Dyspraxia is a neurological disorder that impacts an individual’s ability to plan and process motor tasks.

Individuals with dyspraxia often have language problems, and sometimes a degree of difficulty with thought and perception. Dyspraxia, however, does not affect the person’s intelligence, although it can cause learning problems in children.

Developmental dyspraxia is an immaturity of the organization of movement. The brain does not process information in a way that allows for a full transmission of neural messages.

A person with dyspraxia finds it difficult to plan what to do, and how to do it.

The National Institute of Neurological Disorders and Stroke (NINDS) describes people with dyspraxia as being “out of sync” with their environment.

Experts say that about 10 percent of people have some degree of dyspraxia, while approximately 2 percent have it severely.
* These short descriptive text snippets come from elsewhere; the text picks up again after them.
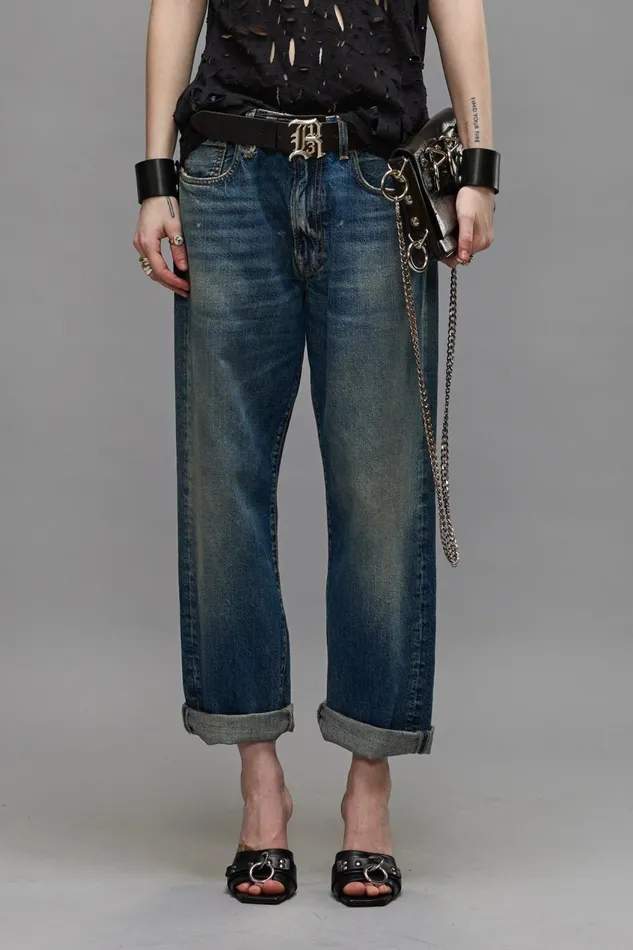 R13 Boyfriend Women BOYFRIEND JEANS 8211 GARNET BLUE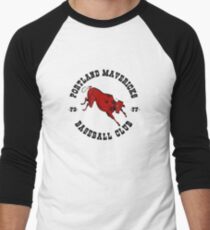 Portland Mavericks Baseball Club Shirt Retro Vintage 70s TBT Men's Baseball ¾ T-Shirt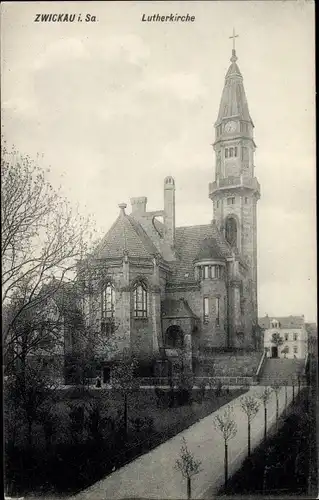 Ak Zwickau in Sachsen, Lutherkirche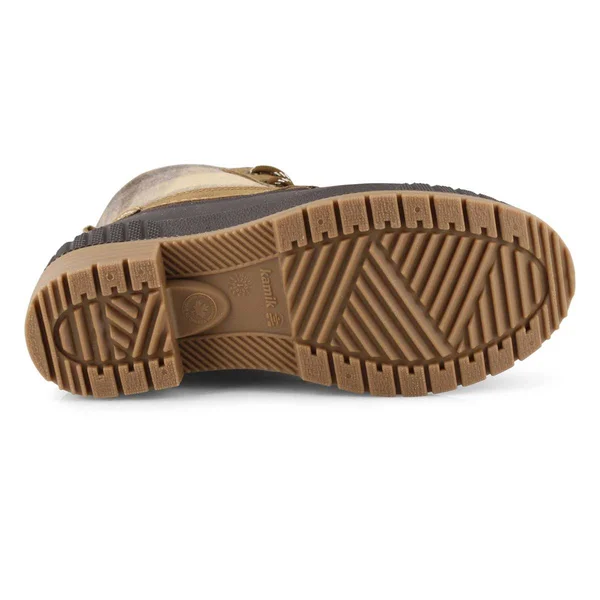Kamik Women's Sienna Mid Boot - 10 - Tan Plaid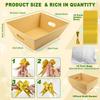10PACK Empty Gift Basket Set, 11.8x9.8 Thick Kraft Market Tray Gift Basket view 2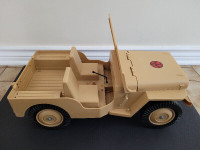 Vintage 1/6 GI Joe Adventure Team Desert Patrol Jeep Accessories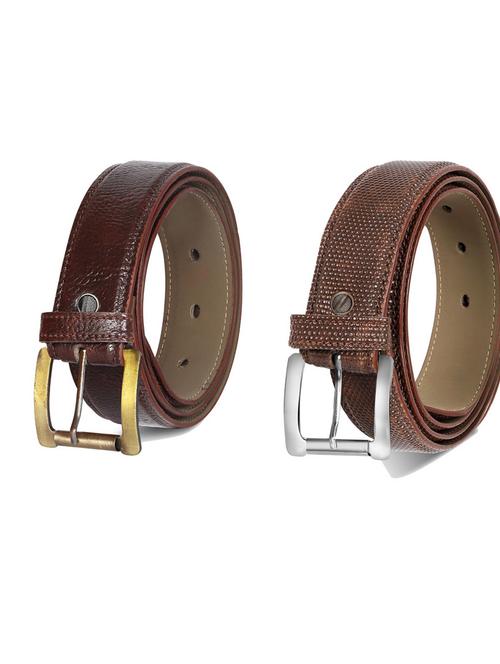pack of 2 leatherette belts - 19230463 - Very Small Image - 1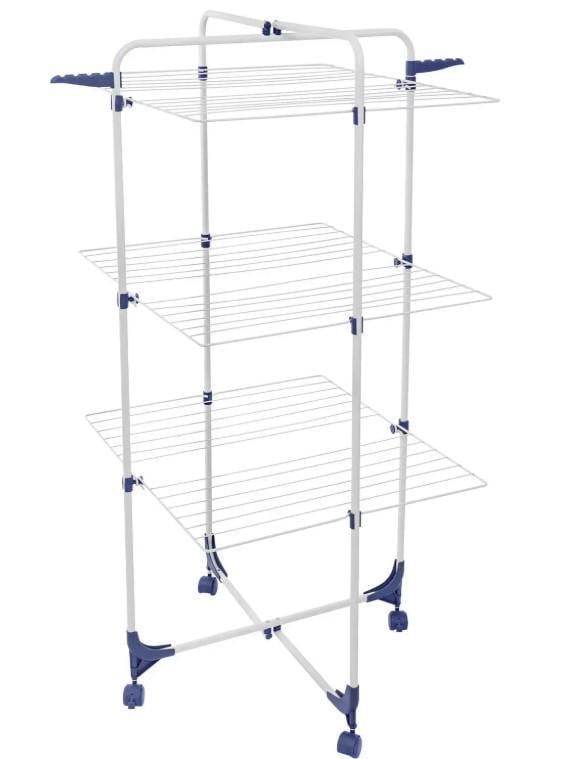 Сушилка для белья напольная Casa Si Athletic 3 White (CS92185E04) Сушилка для белья напольная Casa Si Athletic 3 White (CS92185E04)
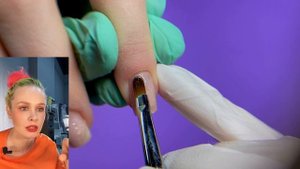 Правильный френч / Как рисовать френч / как рисовать френч новичку #Nails #Ногти #маникюр #френч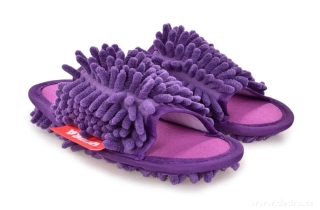 "Samochodky" úklidové botky, stélka cca 25 cm (vel. cca 36-40), fialové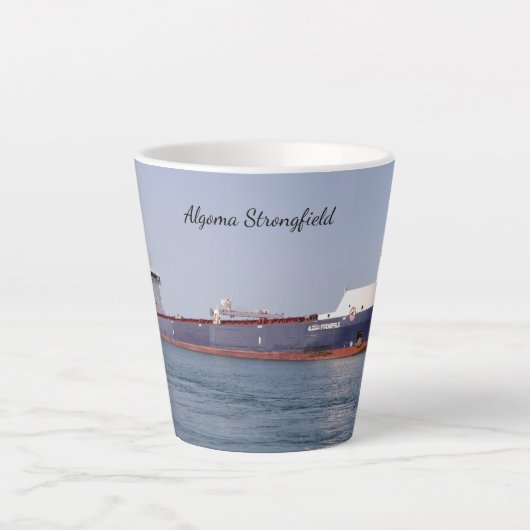Algoma Strongfield latte mok (Voorkant)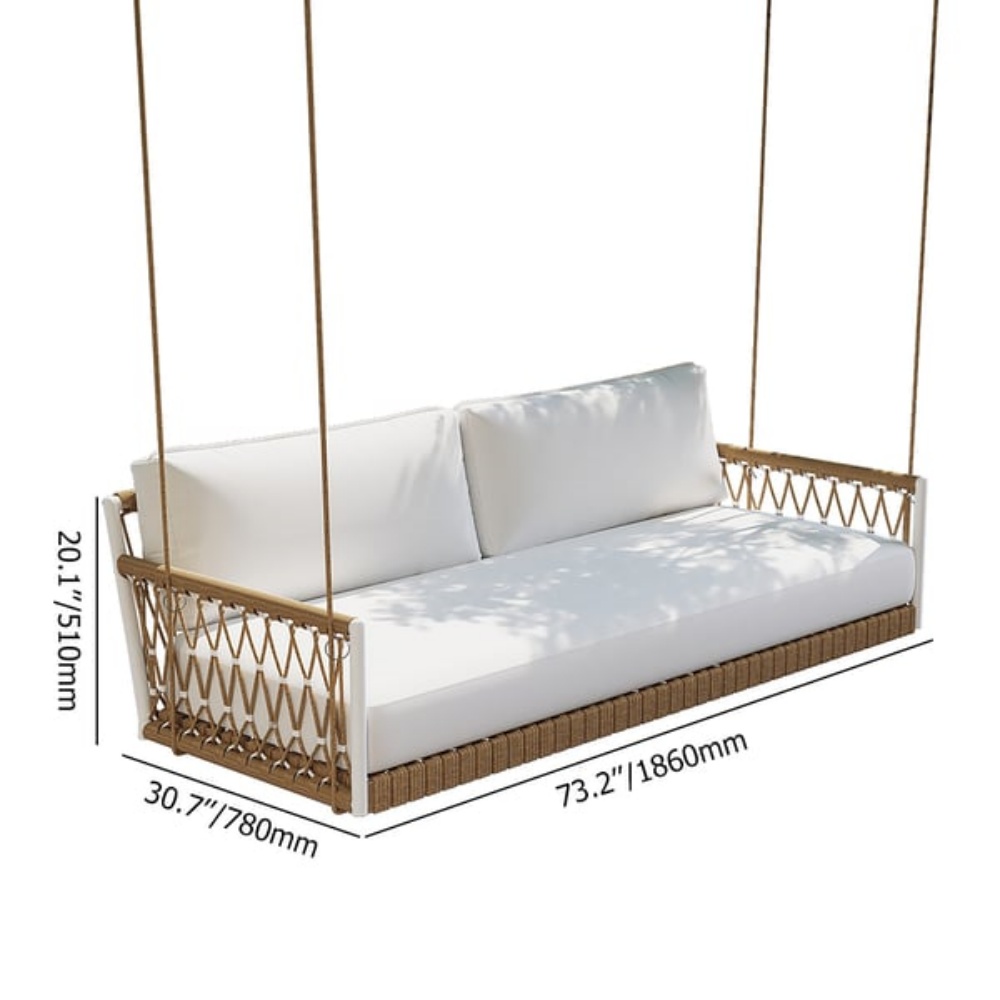 Aluminum Rope Woven 2-Seater Swing Chair KM6703
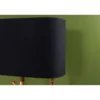 Lampa stojąca WARDROBE 150 cm naturalny z abażurem czarno-złotym*Invicta Interior Discount
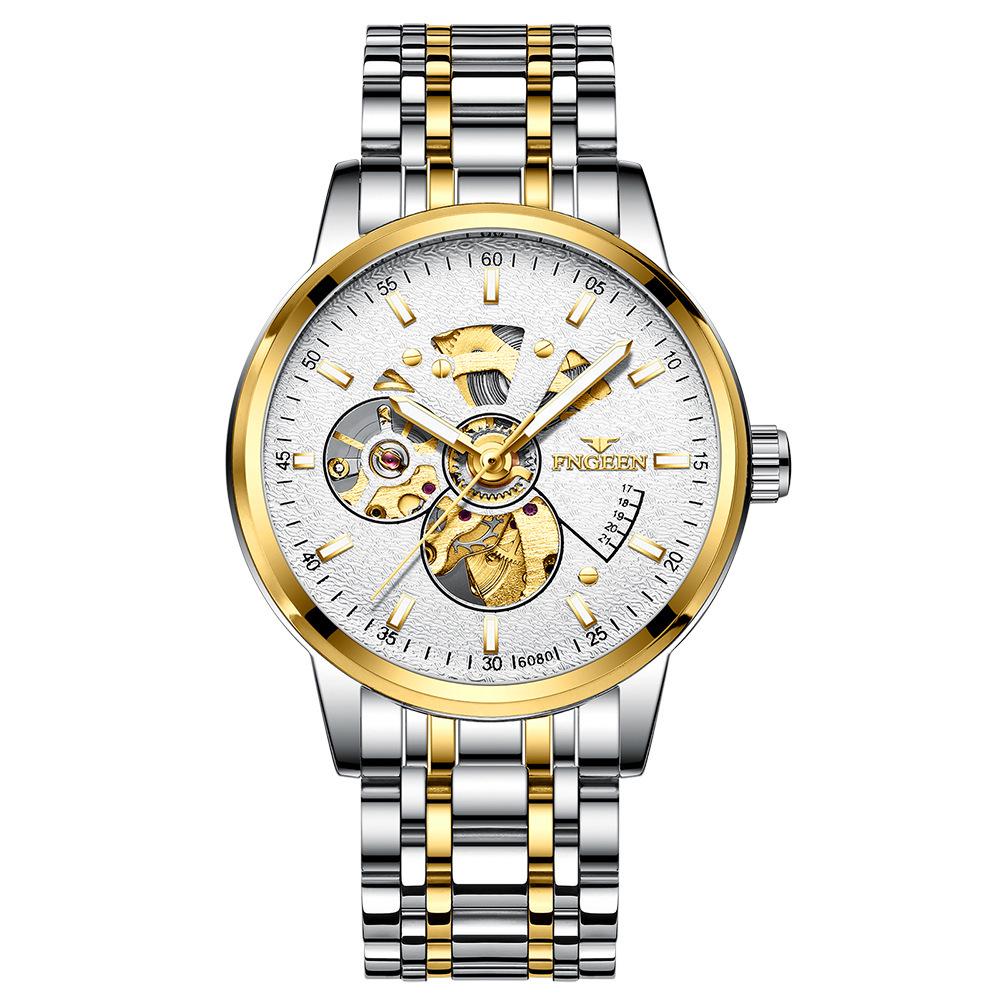 Fen Zun Men's Automatic Skeleton Watch - Trendy 2020 Internet Celebrity Edition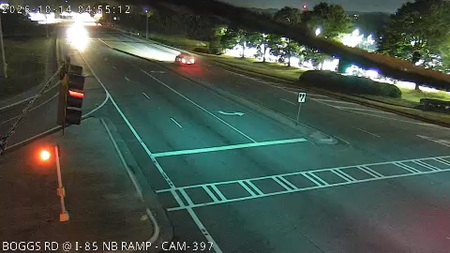 Boggs Rd at I-85 NB Ramp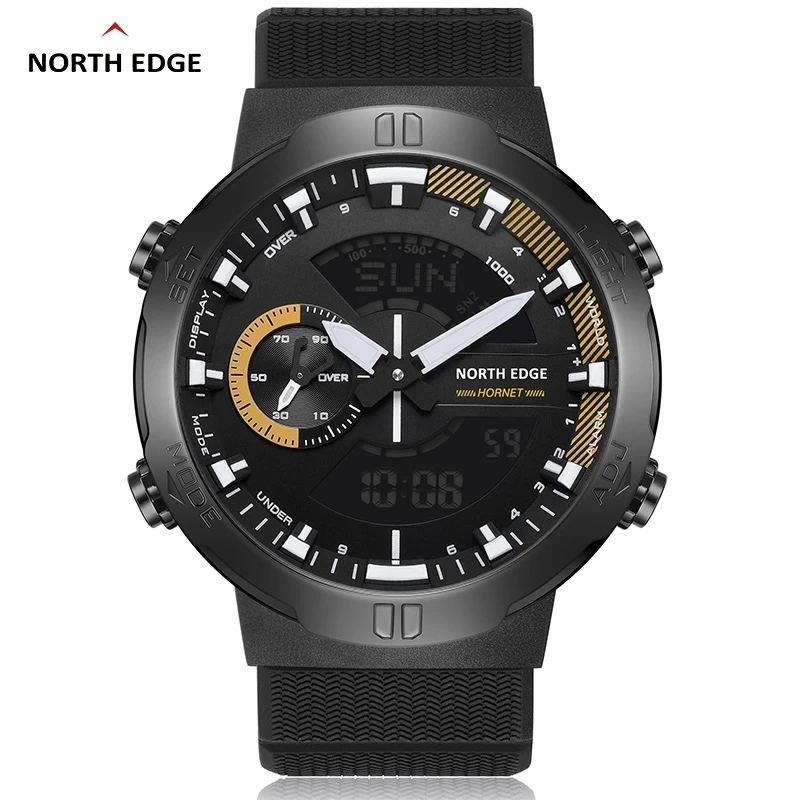 Часы наручные NORTH EDGE 2022 HORNET Мужские Цифровые спортивные армейские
Four out of every 5 children with evident dyspraxia are boys, although there is some debate as to whether dyspraxia might be under-diagnosed in girls.

According to the National Health Service, United Kingdom, many children with dyspraxia also have attention deficit hyperactivity disorder (ADHD).

Symptoms tend to vary depending on the age of the individual. Later, we will look at each age group in more detail. Some of the general symptoms of dyspraxia include:

  • poor balance
  • poor posture
  • fatigue
  • clumsiness
  • differences in speech
  • perception problems
  • poor hand-eye coordination

A diagnosis of dyspraxia can be made by a clinical psychologist, an educational psychologist, a pediatrician, or an occupational therapist. Any parent who suspects their child may have dyspraxia should see their doctor.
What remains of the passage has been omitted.